DATA SHOWN:
--

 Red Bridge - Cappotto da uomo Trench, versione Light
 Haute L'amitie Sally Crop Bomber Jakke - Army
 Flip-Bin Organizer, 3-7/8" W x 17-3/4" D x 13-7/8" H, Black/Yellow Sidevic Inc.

--

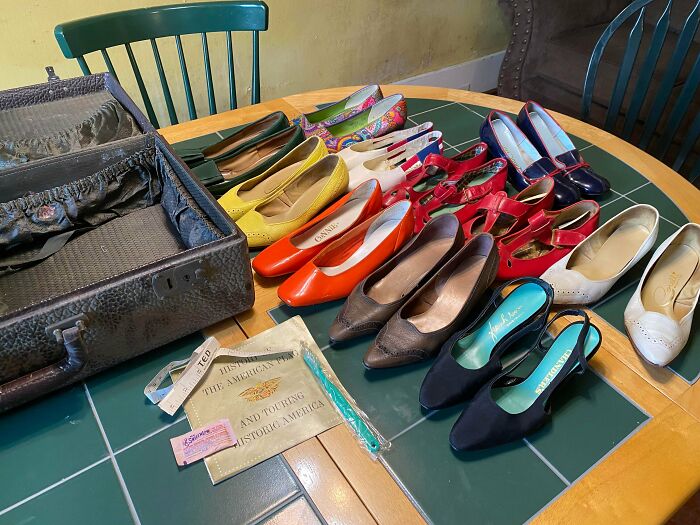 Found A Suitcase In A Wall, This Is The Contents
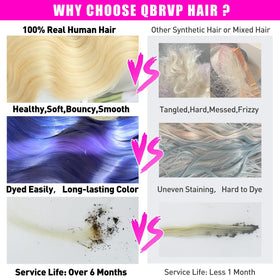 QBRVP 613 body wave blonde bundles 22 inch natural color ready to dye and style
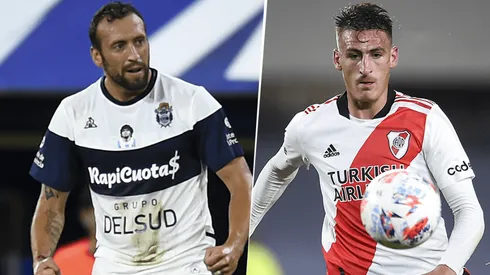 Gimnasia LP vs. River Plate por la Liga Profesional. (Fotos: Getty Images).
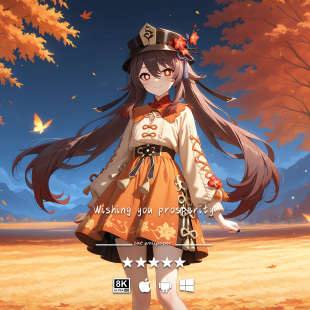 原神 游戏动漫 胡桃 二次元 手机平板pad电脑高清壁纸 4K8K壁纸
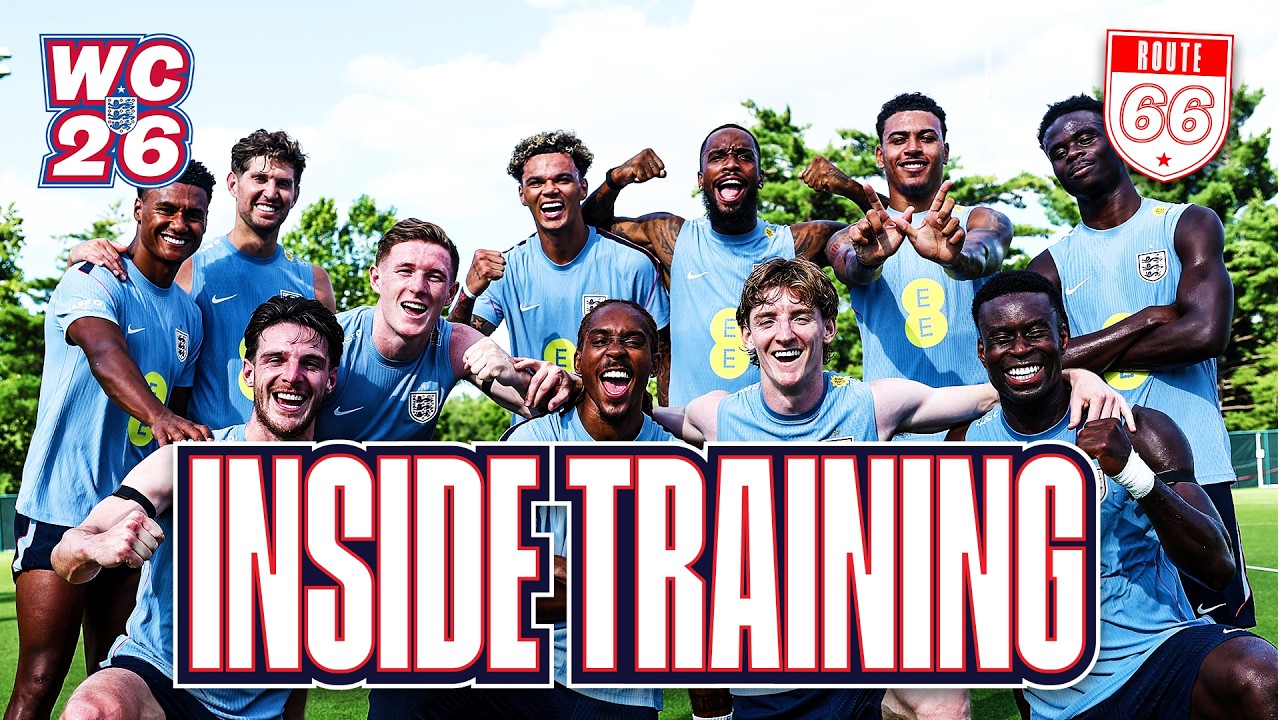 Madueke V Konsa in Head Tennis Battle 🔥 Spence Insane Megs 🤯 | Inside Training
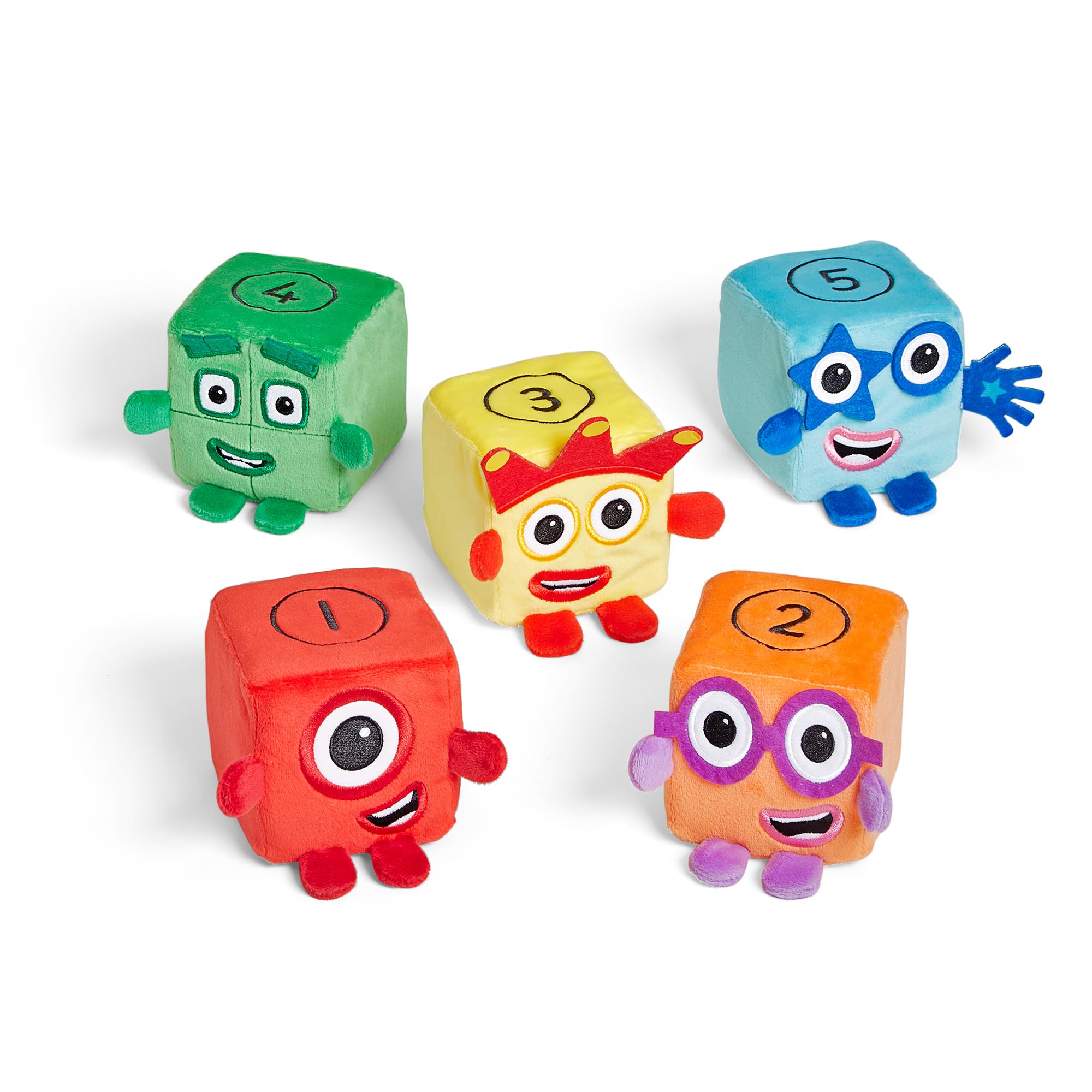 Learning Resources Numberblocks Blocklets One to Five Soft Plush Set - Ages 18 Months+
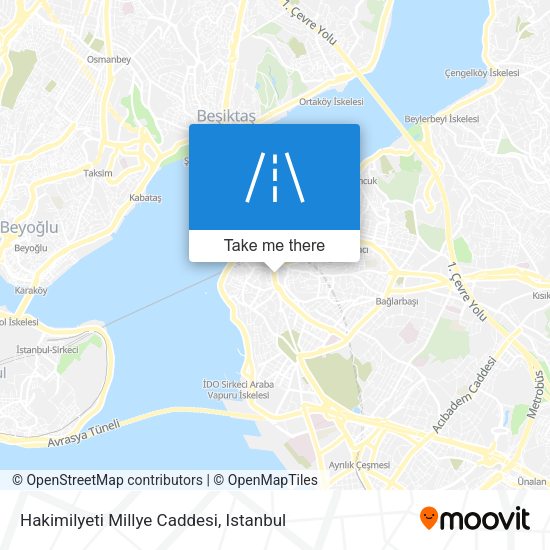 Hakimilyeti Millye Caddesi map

--

YOUR GOAL:
Return exactly the part of the listing above that opens with the line containing "原神 游戏动漫 胡桃 二次元 手机平板pad电脑高清壁纸 4K8K壁纸" and closes with the line containing "Hakimilyeti Millye Caddesi map". Pictures stay out.

SOLUTION TO THE PROBLEM:
 原神 游戏动漫 胡桃 二次元 手机平板pad电脑高清壁纸 4K8K壁纸
 Madueke V Konsa in Head Tennis Battle 🔥 Spence Insane Megs 🤯 | Inside Training
 Learning Resources Numberblocks Blocklets One to Five Soft Plush Set - Ages 18 Months+
 Hakimilyeti Millye Caddesi map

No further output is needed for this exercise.